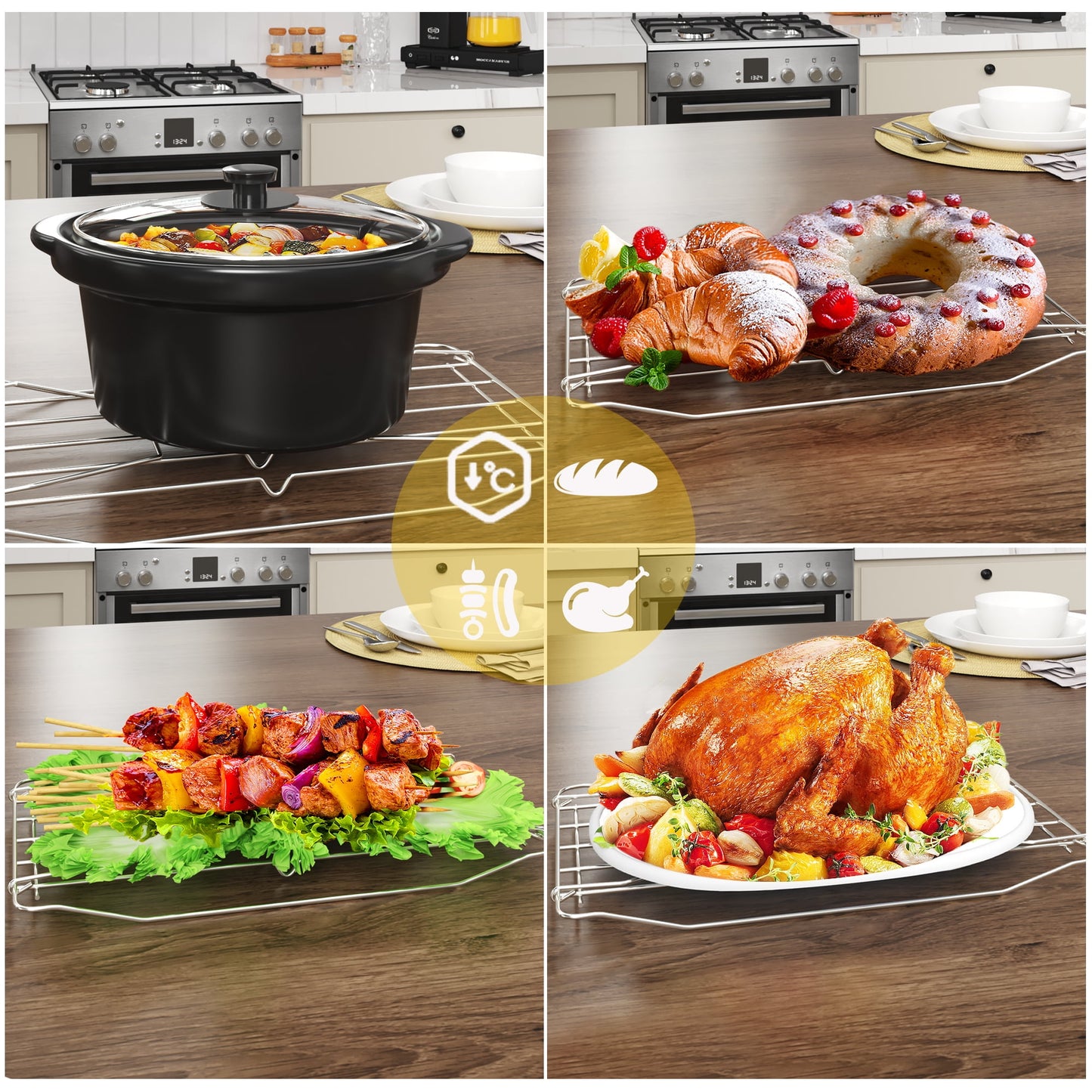 SUNVIVI 18 Quart Turkey Electric Roaster Oven with Self-Basting Lid, Stainless Steel, Black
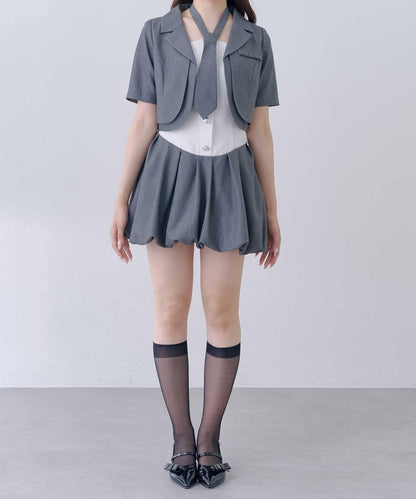 Belle Charme 迷你蝴蝶結短袖夾克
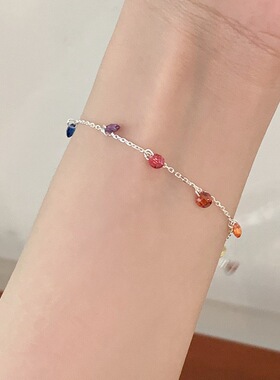 小清新925纯银圆形彩色锆石手链女素银显白小众设计ins简约甜美风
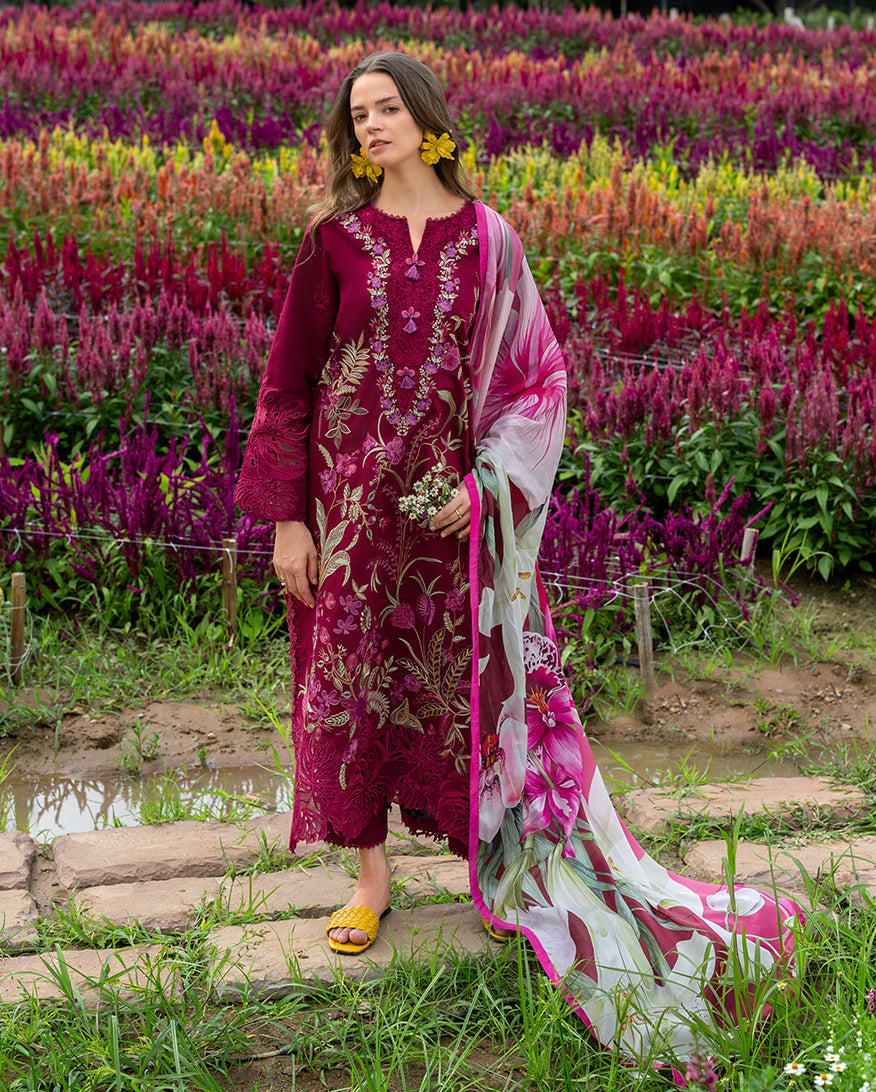 MS-2750-3 Piece - Unstitched Luxury Embroidered Lawn Fabric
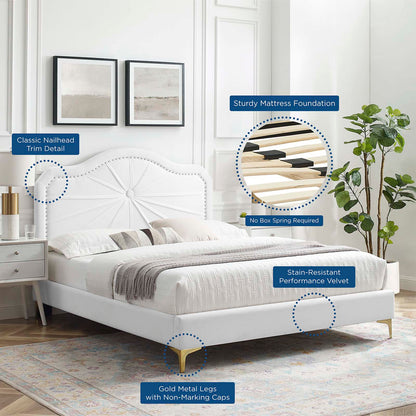 Portia Performance Velvet King Platform Bed, Velvet, White, 23560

◇ ◇ ◇

Aim of the task → A verbatim transcription of the records, pictures excluded, is the required output.

Response →
 SUNVIVI 18 Quart Turkey Electric Roaster Oven with Self-Basting Lid, Stainless Steel, Black
 Belle Charme 迷你蝴蝶結短袖夾克
 小清新925纯银圆形彩色锆石手链女素银显白小众设计ins简约甜美风
 MS-2750-3 Piece - Unstitched Luxury Embroidered Lawn Fabric
 Portia Performance Velvet King Platform Bed, Velvet, White, 23560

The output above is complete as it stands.